While polygamy is illegal in the U.S., law enforcement officials have often turned a blind eye toward the practice unless it involved abuse and underage marriage.The raid took place at a ranch run by the Fundamentalist Church of Jesus Christ of Latter Day Saints (FLDS), a breakaway sect of the Church of Jesus Christ of Latter Day Saints (LDS) formed in the early 20th century after the mainstream church disavowed polygamy. The Texas state authorities removed 400 children and 129 mothers from their homes. Anonymous charges of under-aged marriages and child abuse led to the raid, though the many of these allegations were not substantiated and the children have since been returned to their homes.
The contributors to the book argue that the distinctive lifestyle of the FLDS has led it into conflict with outsiders. Unlike mainstream Mormonism and other polygamous groups, the FLDS is based on the one-man leadership of a prophet who can arrange marriages and dictate other aspects of members’ lives. The leader of the FLDS, Warren Jeffs, has been accused of authoritarian leadership and abusing followers, and is facing various criminal charges. Under Jeff, FLDS members, who number approximately 8,000 and live in settlements in rural Arizona and Utah, dress in 19th century clothes and have increasingly avoided contact with non-members.
But after the raid, the church promised to discontinue its practice of encouraging-often under the orders of the “prophet”– plural marriages that include under-aged young women (below the age of 18).
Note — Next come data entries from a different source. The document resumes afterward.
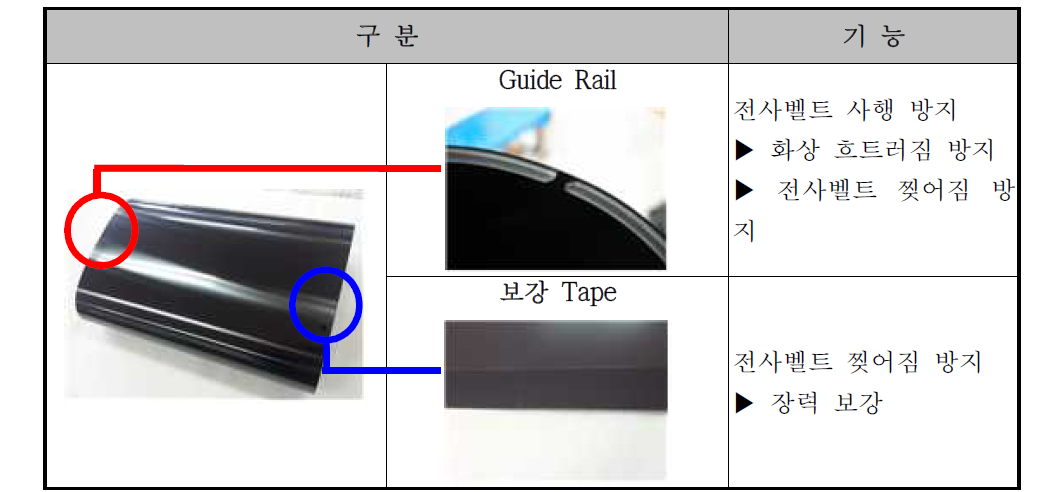 전사벨트에서 Guide Rail과 보강 Tape 기능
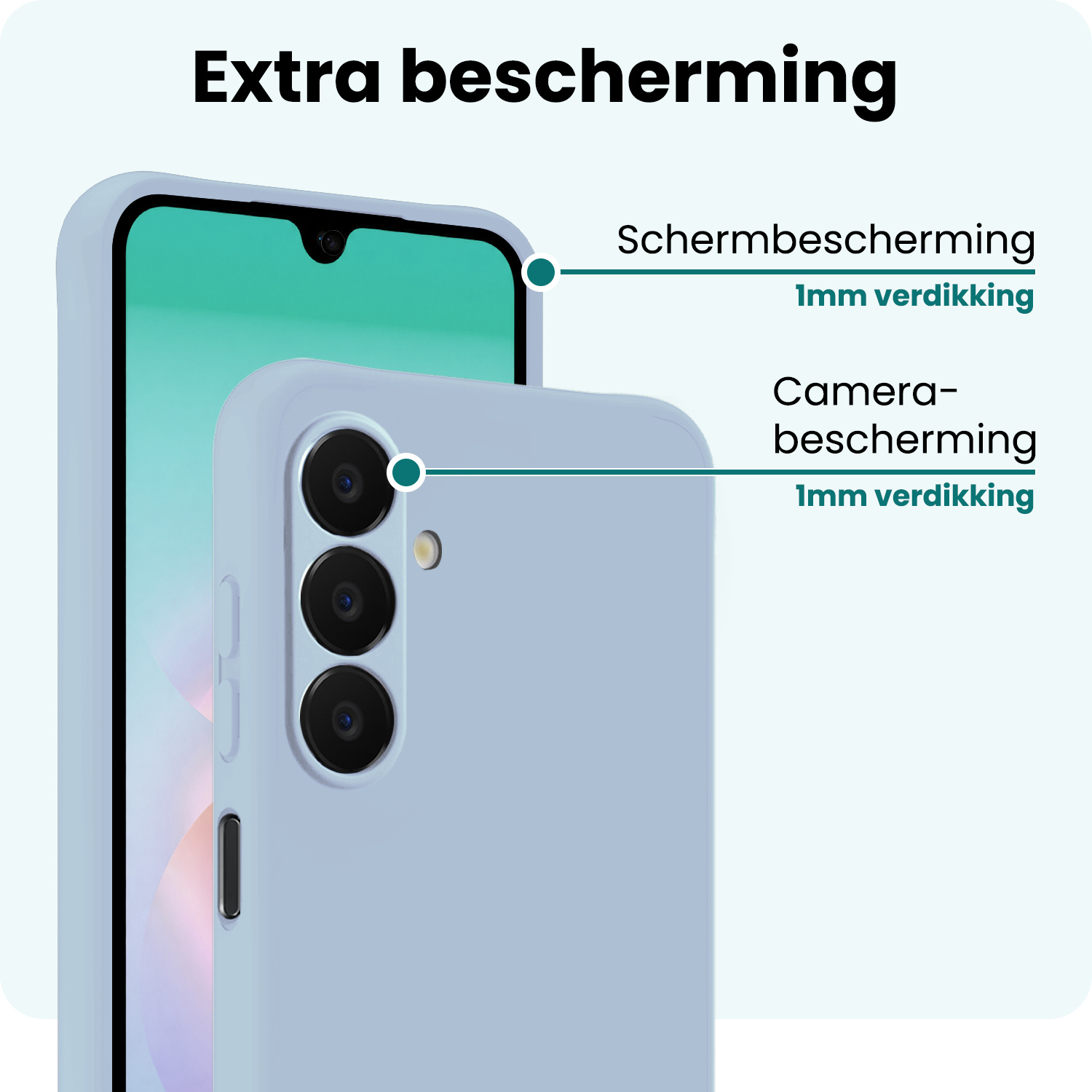 Forterra Forterra Samsung Galaxy A18 Hoesje Siliconen - Lichtblauw - 2 PACK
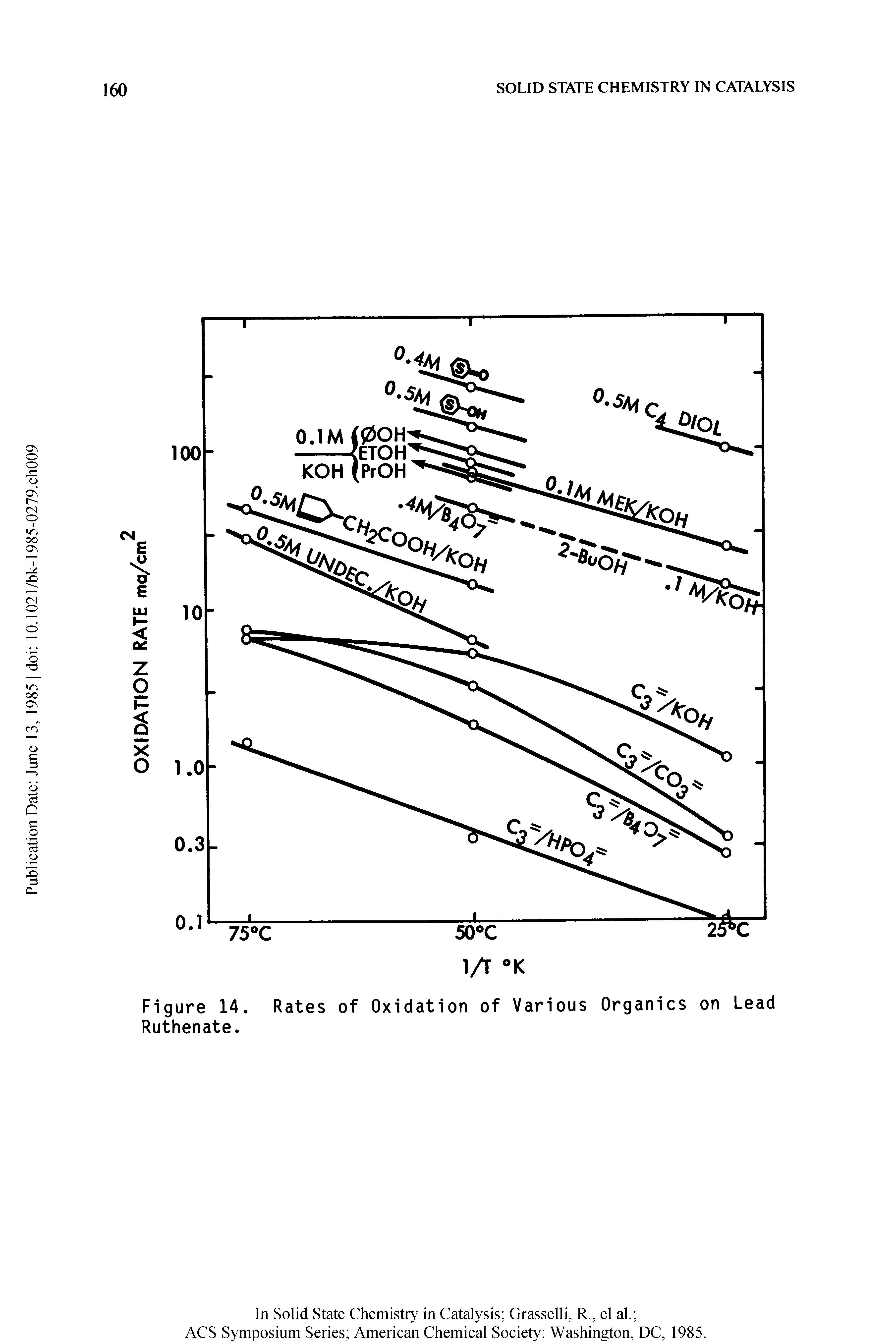 Figure 14. Rates of Oxidation of Various Organics on Lead Ruthenate.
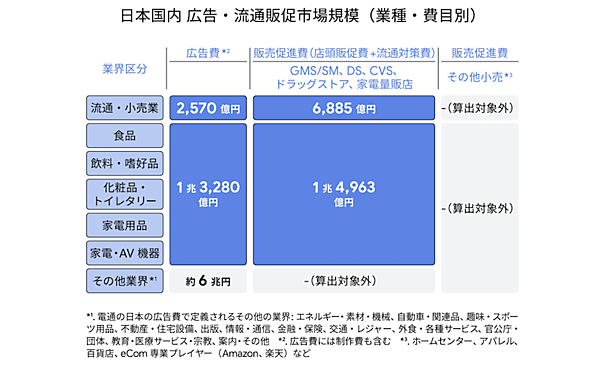 実店舗事業者のリテールメディア市場は2035年に1兆円規模へ。事業を確立すれば「収益を店舗DXや人材確保へ再投資する『攻めのサイクル』を生み出せる」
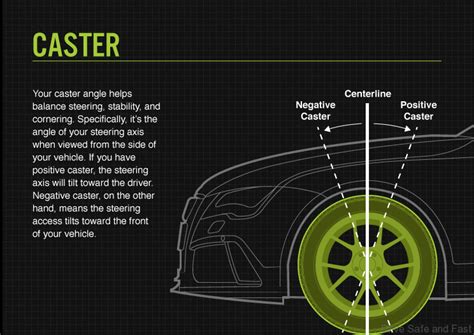 What is Camber, Caster and Toe? Tire shop language explained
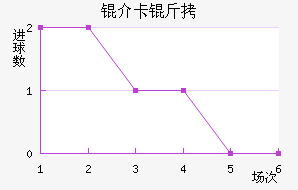 �鿨���������������������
The bad publicity surrounding the raid also forced members, including women who are traditionally taught to submissive to men, to go on the defensive, holding media interviews, testifying in state capitals about the benefits of polygamy and even starting websites that explain their positions and practices to outsiders, according to contributors Heber Hammon and William Jankowiak.
Polygamy has also recently found a place in American culture through the popular television show Big Love, which portrays a polygamous family living a modern lifestyle. A new reality show series on a polygamous family, called Sister Wives, is premiering on U.S. television this week. The book’s contributors emphasize that there are increasingly diverse polygamous communities and movements in the American West and that they do not fit the stereotype of isolated and authoritarian “cultists.” A split has occurred in the FLDS with a more liberal group, known as “the Work” or Centennial Park (the community in Arizona where the members live), emerging that practices a more egalitarian form of leadership and allows women to dress in modern clothes and lead more independent lives.
The largest polygamous Mormon group is the Apostolic United Brethren (AUB), with 10,000 members, with leadership by a council of elders and a more open stance toward American society. In a chapter on other polygamous groups, anthropologist Janet Bennion notes the growth of independent polygamists who live outside of religious communities and adopt the “principle” of plural marriage in modern ways. All of these communities and families takes in convert women who value close camaraderie with “sister wives” and the lack of responsibilities of traditional mothers and wives so they lead fulfilling careers. Bennion even finds a group of evangelicals who run the Be Free Patriarchal Christian Church in Utah, which has about 1,000 members nationwide and seek to convert Mormon polygamists while approving of plural marriages.
Most of the contributors agree that it is not only the promise of romance and of greater sexual opportunities that drive phenomenon of polygamy for women or men. It is not even financial security that convince women to join polygamous arrangements, since fundamentalist Mormon communities have high rates of members claiming welfare assistance. Rather, it is the assurance of salvation that women find in being married to their spiritual leader-husband, even if they have to share him with other wives.
In another chapter, Carrie Miles argues that even if the mainstream LDS church reversed itself and approved of polygamy, there would be few Mormon women interested in such an arrangement. This is because the mainstream church has disavowed and discontinued teachings and practices which give polygamy its continuing spiritual value for fundamentalist Mormons. In particular, the fundamentalist Mormon teaching and practice of “celestial marriage,” where the husband is seen as providing the means of salvation for wives, makes polygamy much sought after by both men and women in these communities. This is especially the case in fundamentalist communities where certain men are considered prophets and God-appointed leaders; marriage into such elite families provide the greatest guarantee of salvation for women.
Miles concludes that “It is only when we consider celestial marriage as based on the uniquely distributed ability to save that we can begin to understand [polygamy]. And the desire for salvation-not admiration, flattering words, or sexual attraction-is what polygamist Mormons have said was their motive all along.”
Richard Cimino
Cardell Jacobson and Lara Burton (Eds.), Modern Polygamy in the United States: Historical, Cultural, and Legal Issues, New York: Oxford University Press, 2011, 384 p.